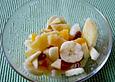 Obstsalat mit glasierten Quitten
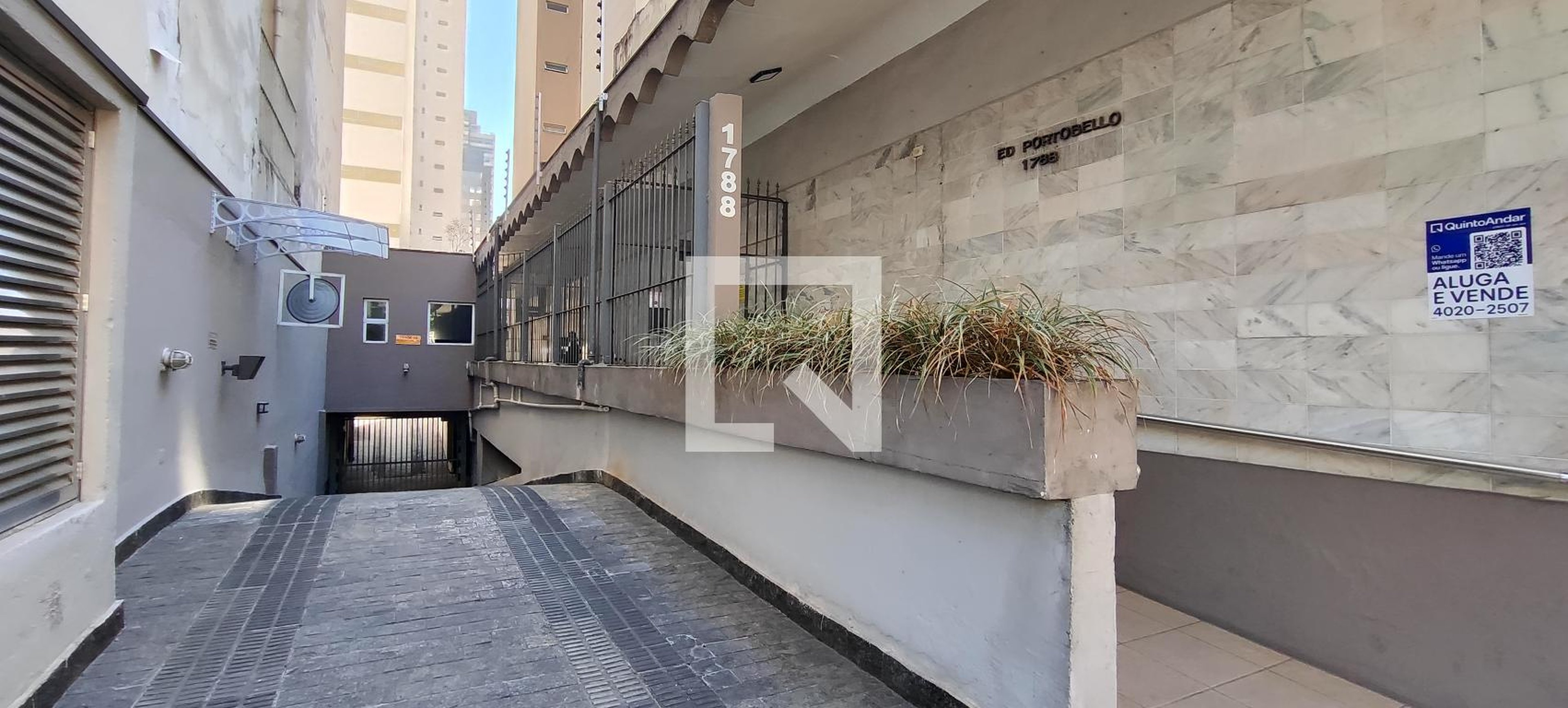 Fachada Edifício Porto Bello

--

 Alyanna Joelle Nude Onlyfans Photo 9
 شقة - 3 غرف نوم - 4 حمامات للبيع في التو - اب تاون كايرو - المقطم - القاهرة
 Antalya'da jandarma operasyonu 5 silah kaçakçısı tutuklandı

• Your objective
Your answer should consist solely of the lines above from the line with "Alyanna Joelle Nude Onlyfans Photo 9" to the line with "Antalya'da jandarma operasyonu", both included, reproduced exactly.

• Response area
 Alyanna Joelle Nude Onlyfans Photo 9
 شقة - 3 غرف نوم - 4 حمامات للبيع في التو - اب تاون كايرو - المقطم - القاهرة
 Antalya'da jandarma operasyonu 5 silah kaçakçısı tutuklandı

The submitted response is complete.